The Egypt international thought so as he sat shaking his head having been replaced by Alex Oxlade-Chamberlain.
Chelsea, by contrast, looked full of threat with Timo Werner – a player Liverpool were interested in but decided they could not afford last summer – a constant problem for the hosts.
Despite one goal in his previous 17 Premier League outings he caused problems with his movement, drifting out to the left, then popping in the middle to give Fabinho a real headache on his return to the side.
The Brazil midfielder, replacing Nat Phillips after he became the latest centre-back to pick up an injury, was partnering Ozan Kabak in Liverpool’s 15th different central defensive starting partnership in 27 league matches.
Faced with a statistic like that is is perhaps understandable why there was a lack of cohesion at the back and Werner should really have profited.
He fired one early shot over and then failed to lift his effort over Alisson Becker, back in goal after the death of his father in Brazil last week.
Even when the Chelsea forward did beat Alisson, who had another rush of blood in charging out to meet Werner only for the ball to be tipped over his wild swing of the leg allowing the Germany international to slot home, VAR ruled the attacker’s arm had been offside 20 yards earlier in the build-up.
Liverpool’s one chance fell to Sadio Mane but Salah’s first-time ball over the top got caught under his feet and missed his shot with only Mendy to beat.
Chelsea were still controlling the game and caught their opponents on the counter-attack when N’Golo Kante quickly swung a loose ball out to the left wing from where Mount cut inside to beat Alisson having been given far too much time to pick his spot.
Tuchel spent the first five minutes of the second half screaming at his players to press harder and play higher up the pitch but Liverpool’s players were equally vocal when Firmino’s cross hit the raised arm of Kante from close range but there was to be no penalty award.

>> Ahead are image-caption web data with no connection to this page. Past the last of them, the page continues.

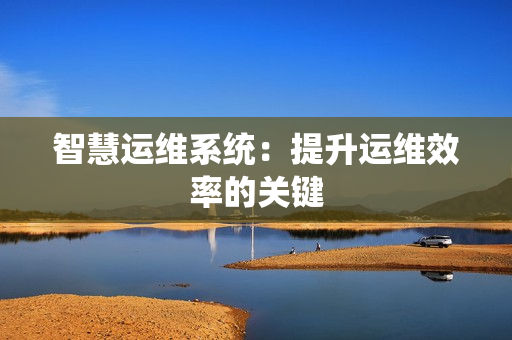 智慧运维系统：提升运维效率的关键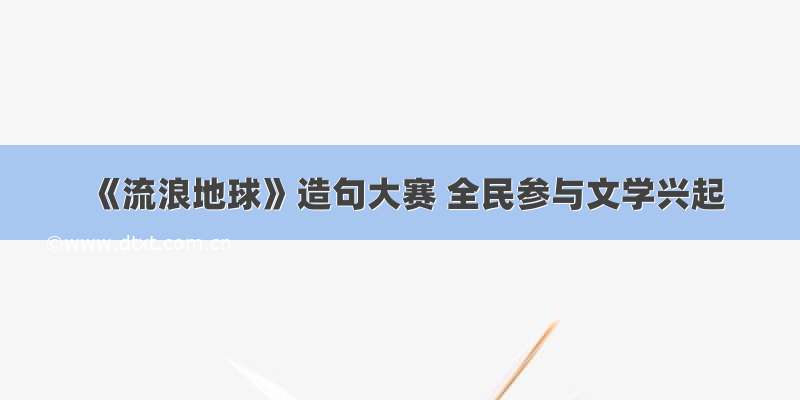 《流浪地球》造句大赛 全民参与文学兴起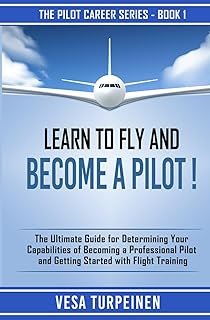 LEARN TO FLY AND BECOME A PILOT!: THE ULTIMATE GUIDE FOR DETERMINING YOUR CAPABILITIES OF BECOMING A PROFESSIONAL PILOT AN...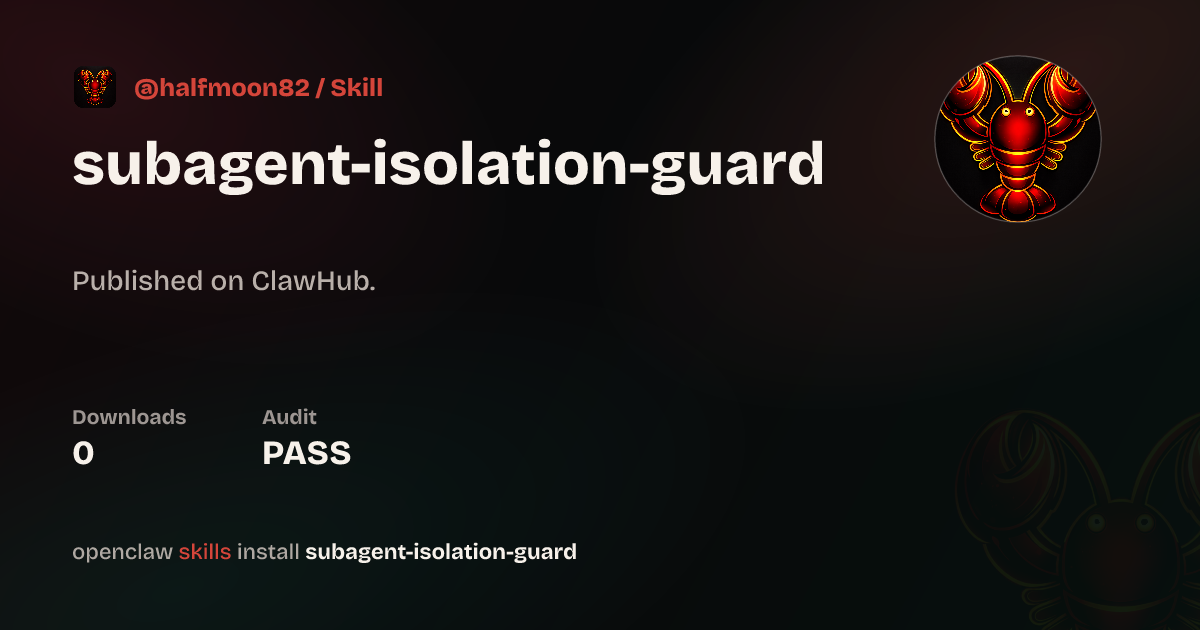 Subagent Isolation Guard — ClawHub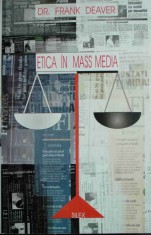 Frank Deaver - Etica in mass media (Editia: 2004) foto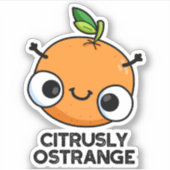 Citrusly Oodd Funny Strange Oranje Pun Sticker (Voorkant)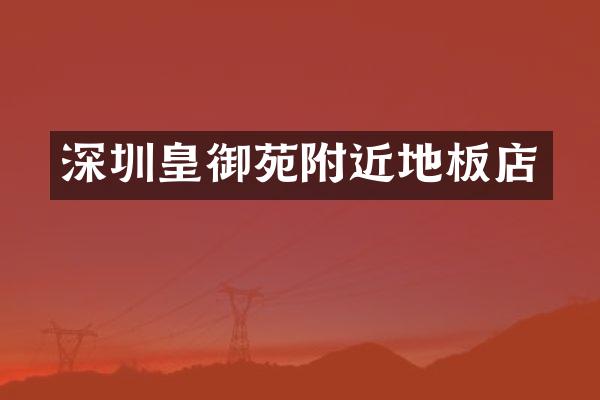 深圳皇御苑附近地板店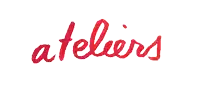 the word ateliers is written in red letters on a white background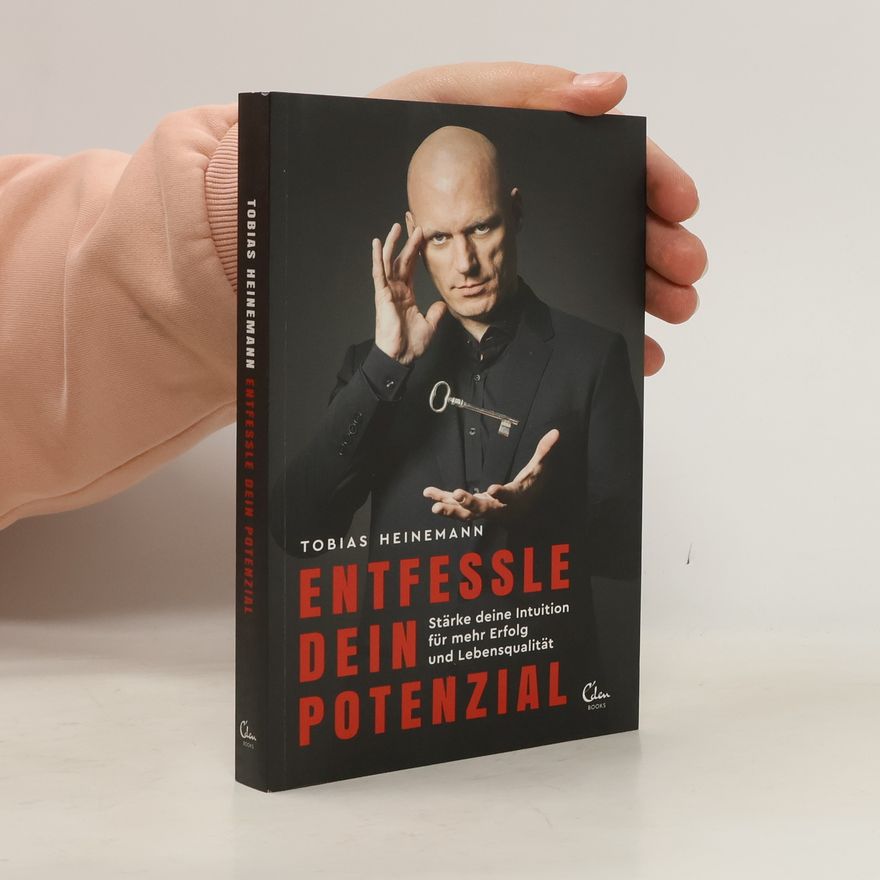 Tobias Heinemann Entfessle dein Potenzial
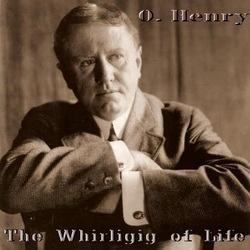 O. Henry - The Whirligig of Life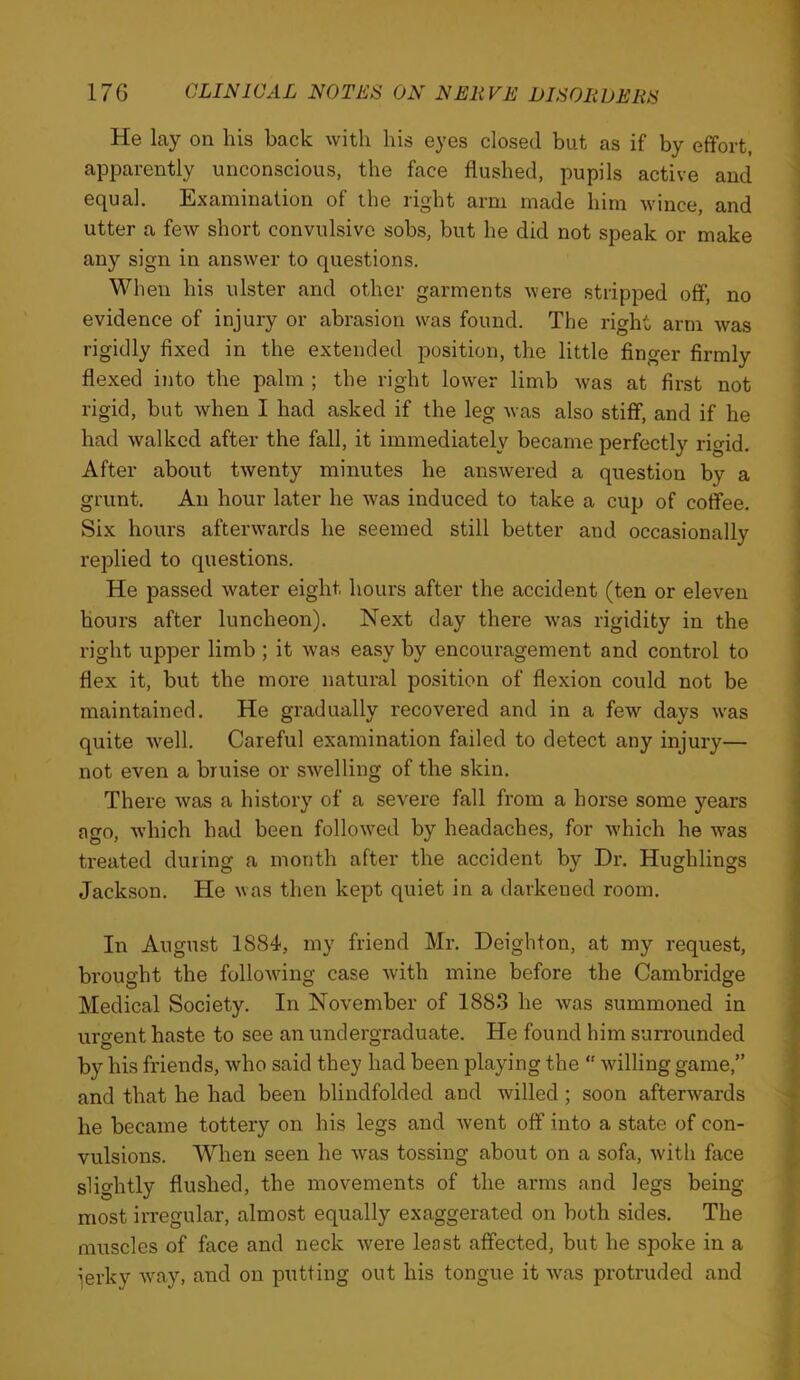 He lay on his back with his eyes closed but as if by effort, apparently unconscious, the face flushed, pupils active and equal. Examination of the right arm made him wince, and utter a few short convulsive sobs, but he did not speak or make any sign in answer to questions. When his ulster and other garments were stripped off, no evidence of injury or abrasion w^as found. The right arm was rigidly fixed in the extended position, the little finger firmly flexed into the palm ; the right lower limb was at first not rigid, but when I had asked if the leg was also stiff, and if he had walked after the fall, it immediately became perfectly rigid. After about twenty minutes he answered a question by a grunt. An hour later he w'as induced to take a cup of coffee. Six hours afterwards he seemed still better and occasionally replied to questions. He passed w^ater eight hours after the accident (ten or eleven hours after luncheon). Next day there w'as rigidity in the right upper limb ; it was easy by encouragement and control to flex it, but the more natural position of flexion could not be maintained. He gradually recovered and in a few days w'as quite w^ell. Careful examination failed to detect any injury— not even a bruise or swelling of the skin. There was a history of a severe fall from a horse some years ago, which had been follow^ed by headaches, for w'hich he was treated during a month after the accident by Dr. Hughlings Jackson. He was then kept quiet in a darkened room. In August 1884, my friend Mr. Deighton, at my request, brought the following case Avith mine before the Cambridge Medical Society. In November of 1883 he Avas summoned in urgent haste to see an undergraduate. He found him sun'ounded by his friends, Avho said they had been playing the “ Avilling game,” and that he had been blindfolded and Avilled; soon afterAA'^ards he became tottery on his legs and Avent off into a state of con- vulsions. 'When seen he Avas tossing about on a sofa, Avith face slightly flushed, the movements of the arms and legs being most irregular, almost equally exaggerated on both sides. The muscles of face and neck Avere least affected, but he spoke in a ierky Avay, and on putting out his tongue it AA^as protruded and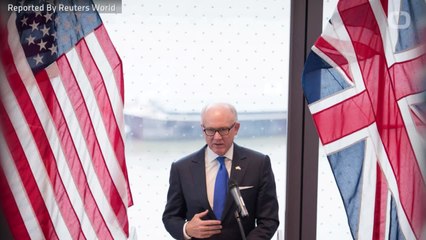 U.S. Ambassador Urges Britain to Ditch Support For Iran Nuclear Deal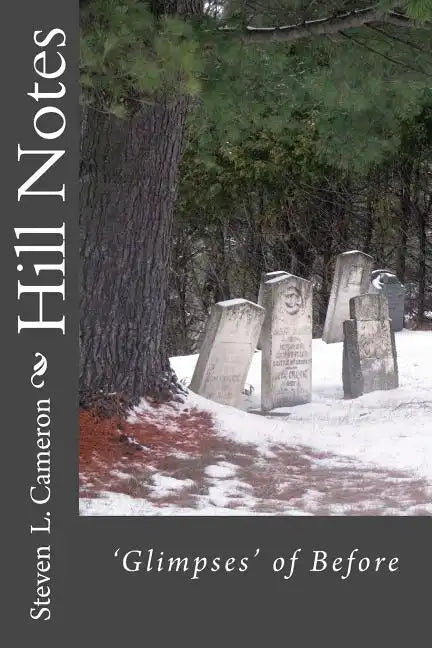 Hill Notes: Glimpses of Before - Paperback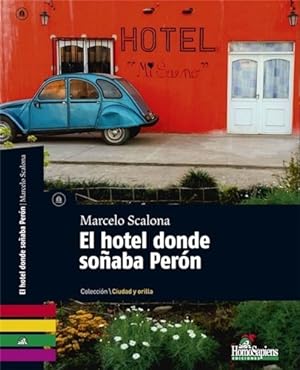 Seller image for Hotel Donde So aba Peron (coleccion Ciudad Y Orilla) (rusti for sale by Juanpebooks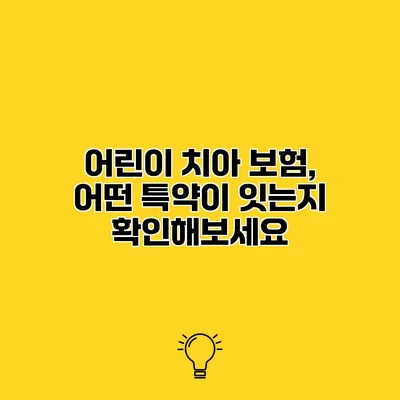 어린이 치아 보험, 어떤 특약이 잇는지 확인해보세요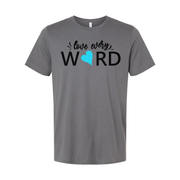 Love Every Word Christian Unisex T Shirt With Heart Accent Typography Design For Believers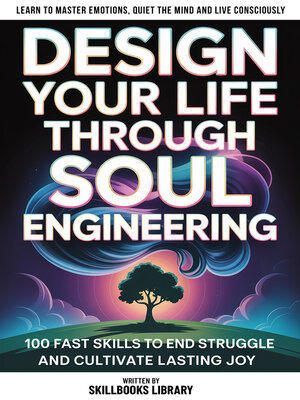 cover image of Design Your Life Through Soul Engineering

Andy Robertson cleared off the line from Hakim Ziyech after Alisson parried Ben Chilwell’s shot as Chelsea continued to look more dangerous.
Jota’s first touch was a half-chance from a deep cross but he was, understandably, not sharp enough to take it.
Werner, meanwhile, was doing everything but score as Alisson’s leg saved another shot as he bore down on goal.
Chelsea’s organisation, drilled into them by Thomas Tuchel in the short time he has been at the club, served them well as Liverpool ran down blind alleys, aimed hopeful crosses into the box but generally ran out of ideas.